This Summary is provided to introduce a selection of concepts in a simplified form that are further described below in the Detailed Description. This Summary is not intended to identify key features or essential features of the claimed subject matter, nor is it intended to be used to limit the scope of the claimed subject matter. Nor is the claimed subject matter limited to implementations that solve any or all of the disadvantages noted herein.

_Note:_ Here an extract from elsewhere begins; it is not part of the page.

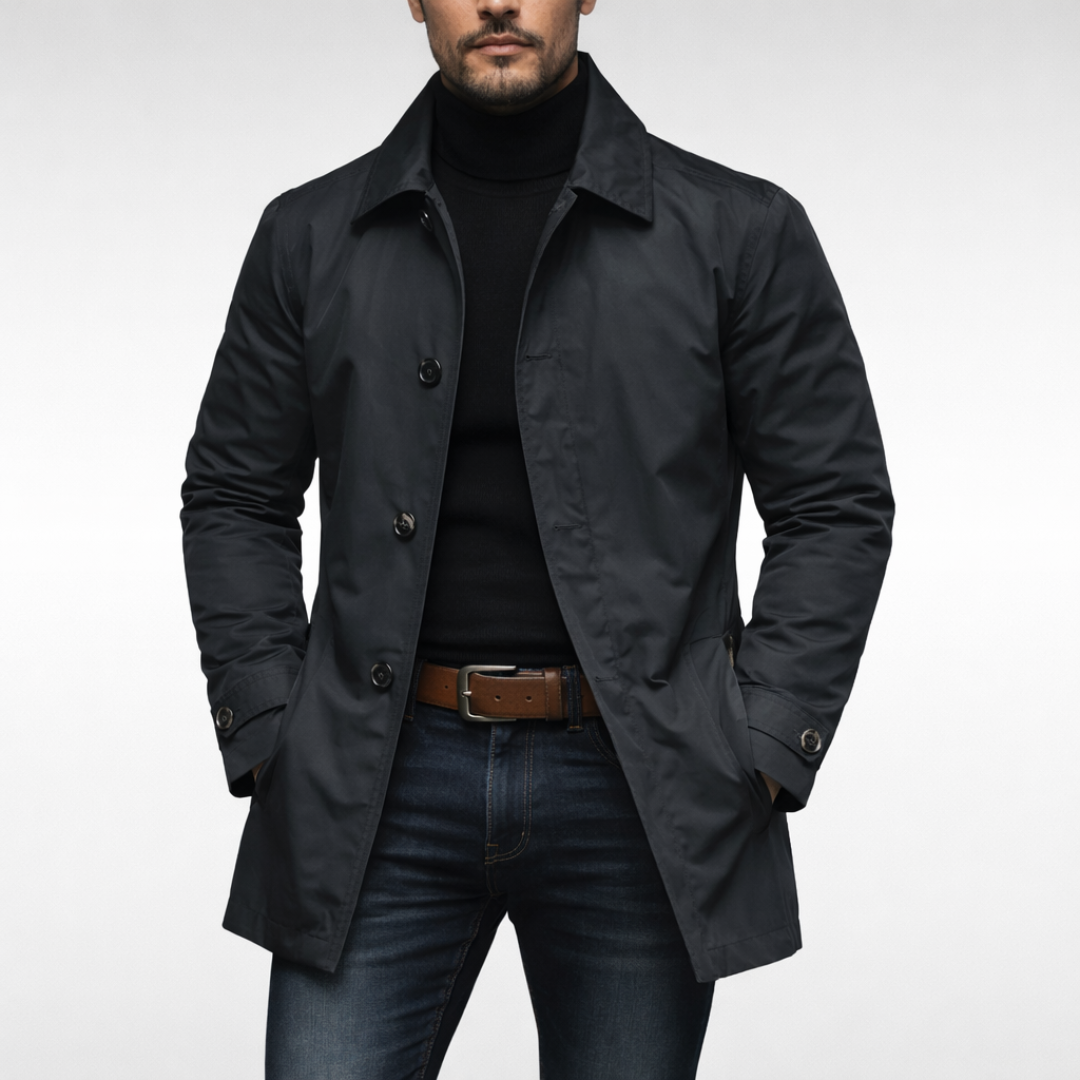 Men’s Classic Everyday Coat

According to a first aspect disclosed herein, there is provided a method of processing digital items, the method comprising: analyzing content in a digital item to identify individual terms in the content of the digital item; obtaining a count of at least some of the individual terms in the content of the digital item; obtaining a measure of the likelihood that the content of the digital item is or contains natural language based on the count of at least some of the individual terms in the content of the digital item; and if the measure of the likelihood that the content of the digital item is or contains natural language is above a threshold, forwarding the content of the digital item to an indexer of a search engine, the search engine indexer then indexing the content of the digital item such that said content is available to a search engine; and if the measure of the likelihood that the content of the digital item is or contains natural language is below a threshold, at least one of: (i) forwarding the content of the digital item and the measure of the likelihood to the search engine indexer, the search engine indexer then indexing the content of the digital item and associating the indexed content with the corresponding measure of the likelihood, and, in response to a query to the search engine, returning search results in which content for which the measure of the likelihood is above the threshold is highlighted relative to content for which the measure of the likelihood is below the threshold; and (ii) not forwarding the content of the digital item to the search engine indexer.

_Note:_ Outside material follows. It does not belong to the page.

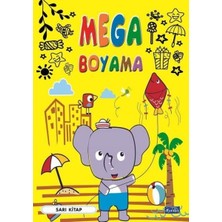 Fantastik Store Mega Boyama Sarı Kitap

Examples described herein provide a number of advantages. For example, the precision of a search may be better in that search results that are not likely to be of interest to a user may be omitted or penalized in ranking (when for example non-natural language text is not indexed or when non-natural text is indexed but is identified as such). As another example, if natural and non-natural language is mixed, sections of the items that are considered to be natural language may be marked-up or highlighted. As another example, in the case that non-natural language text is not indexed, the operational cost of producing and maintaining a search index may be lower as the size of the index is smaller than it would otherwise have been.

“Highlighting” here means “draw special attention to”. That is, results that are likely to be natural language may be highlighted relative to results that are likely not to be natural language. A number of options for this are possible, as discussed further below.

In an example, the method comprises in case (ii) forwarding metadata for the digital item to the search engine indexer, the search engine indexer then indexing the metadata.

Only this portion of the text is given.